Systematic continuous glucose monitoring (CGM) is commonly provided as a treatment option to patients with diabetes in ambulatory care settings yet is rarely provided during hospitalization. CGM of inpatients has the potential to be the care delivery innovation that is feasible, cost effective and can improve glucose control, especially by reducing hypoglycemic events. Studies of CGM use in the ICU setting have been found to be helpful for reducing hypoglycemia in some studies while less so in others, however, these studies were performed with earlier generation glucose monitoring devices(5). ICU studies have confirmed accuracy of CGM measurements compared with capillary glucose even in settings with use of vasopressors and large-volume resuscitation. A limited number of studies have evaluated glycemic outcomes in the inpatient non-ICU setting. Studies of non-ICU patients (6-10) are limited by very small sample size, short study duration, and use of older CGM devices. There is, therefore, a critical need to systematically investigate the use of CGM in the inpatient care of patients with diabetes mellitus who are receiving care in a hospital setting that is typical of inpatient care.
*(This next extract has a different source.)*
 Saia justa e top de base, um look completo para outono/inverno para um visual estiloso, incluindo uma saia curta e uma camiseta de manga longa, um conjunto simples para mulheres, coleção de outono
AIM 1\) Test the health impact of CGM of inpatients as defined by rates of hypo- and hyperglycemia and the derivative of time in appropriate glucose range. Forty (40) patients will be randomized 1:1 into one of two conditions. In the treatment condition, patients will receive a Dexcom Gen6 device and the clinical staff (i.e., nursing and medical staff assigned to the patient's care) will be trained to use readings from the Dexcom Gen6 for the management of the patient's glucose levels below 100. In the control condition, patients will receive a Dexcom Gen6 device, but the clinical staff (i.e., nursing and medical staff assigned to the patient's care) will not have access to the readings and will provide usual care (four glucose checks per 24 hours and use of insulin or other diabetic agent ordered by the admitting and rounding providers to determine glucose management). 1. Hypothesis 1: Patients in the treatment condition will experience fewer episodes of hypoglycemia as compared to patients in the control condition as measured by the Dexcom Gen6 readings. 2. Hypothesis 2: Patients in the treatment condition will experience less frequent hyperglycemia events as compared to patients in the control condition as measured by the Dexcom Gen6 readings.
Study Type
INTERVENTIONAL
Allocation
RANDOMIZED
Purpose
DIAGNOSTIC
Masking
NONE
Enrollment
40
Standing orders for blood sugars less than 100 will allow for administration of glucose replacement in the intervention group based on Dexcom Gen6 readings.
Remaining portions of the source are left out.